What you will do. Please write out exactly the lines of the data below from the line holding "Necklace transparent valentine" through the line holding "First2savvv Camera Genuine", and leave out the rest.

Data shown.
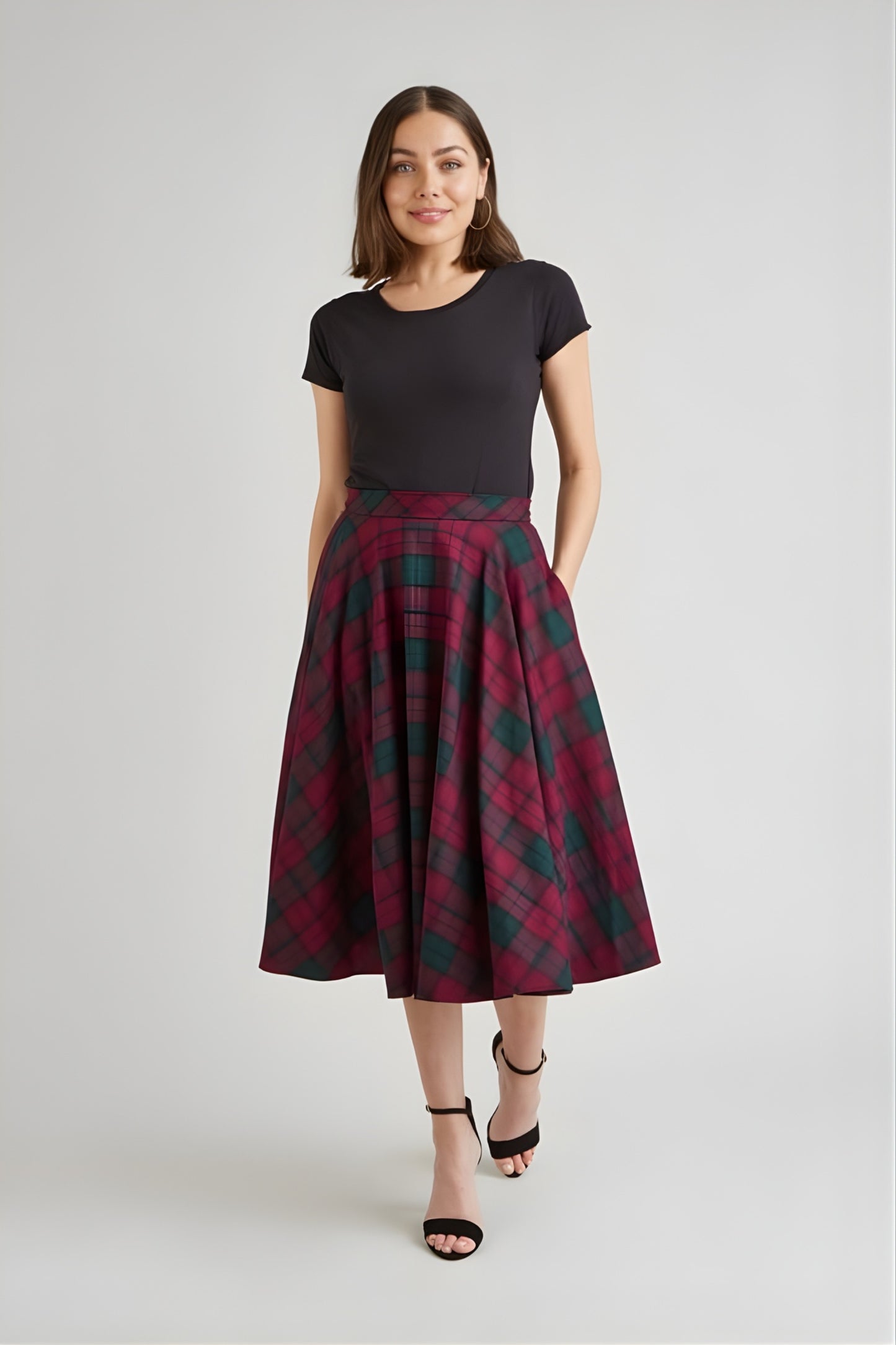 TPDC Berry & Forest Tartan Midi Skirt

...

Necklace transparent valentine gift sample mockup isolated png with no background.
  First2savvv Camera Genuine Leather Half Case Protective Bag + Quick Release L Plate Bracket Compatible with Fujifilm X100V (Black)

Completed task.
Necklace transparent valentine gift sample mockup isolated png with no background.
  First2savvv Camera Genuine Leather Half Case Protective Bag + Quick Release L Plate Bracket Compatible with Fujifilm X100V (Black)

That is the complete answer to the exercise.